*Task:* When you transcribe the listing that follows, keep every line exact and skip any picture.
-=-=-=-=-
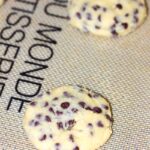 Cookies sans gluten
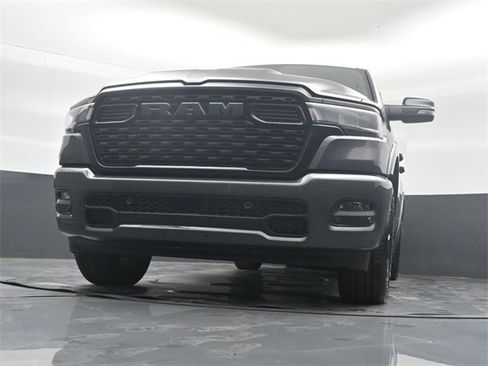 New 2026 RAM 1500 Big Horn image 41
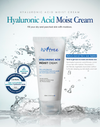 Isntree Hyaluronic Acid Moist Cream - Olive Kollection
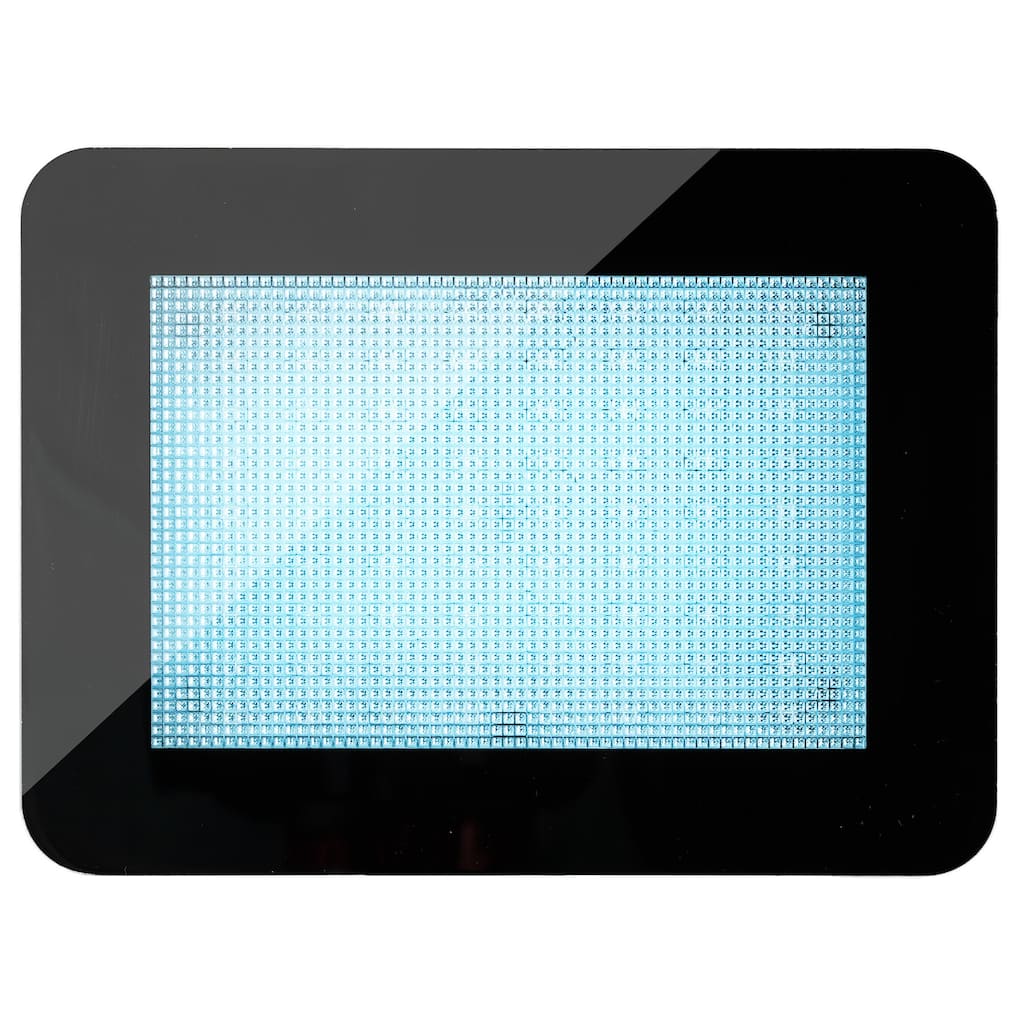 Mr Steam CHROMAX ChromaSteamX ChromaTherapy Light with LED Clusters
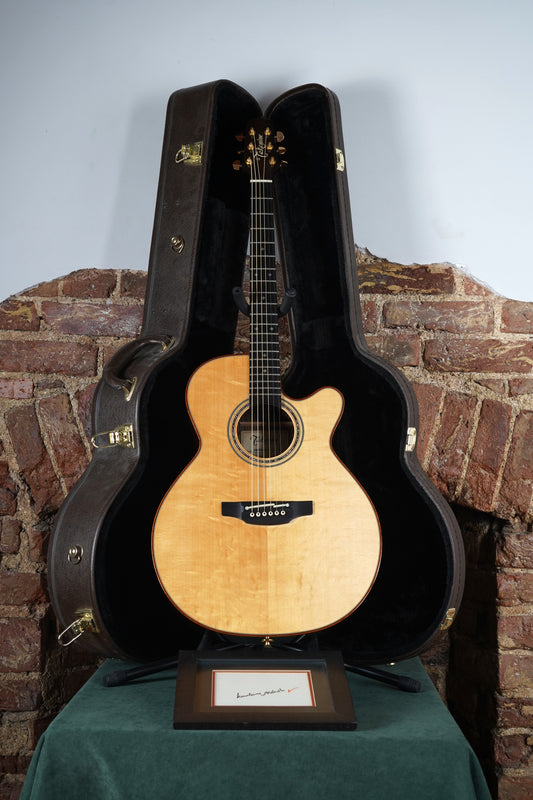 Takamine DMP500-CE DC N (2.El)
-=-=-=-=-
*Answer area:*
 Cookies sans gluten
 New 2026 RAM 1500 Big Horn image 41
 Isntree Hyaluronic Acid Moist Cream - Olive Kollection
 Mr Steam CHROMAX ChromaSteamX ChromaTherapy Light with LED Clusters
 Takamine DMP500-CE DC N (2.El)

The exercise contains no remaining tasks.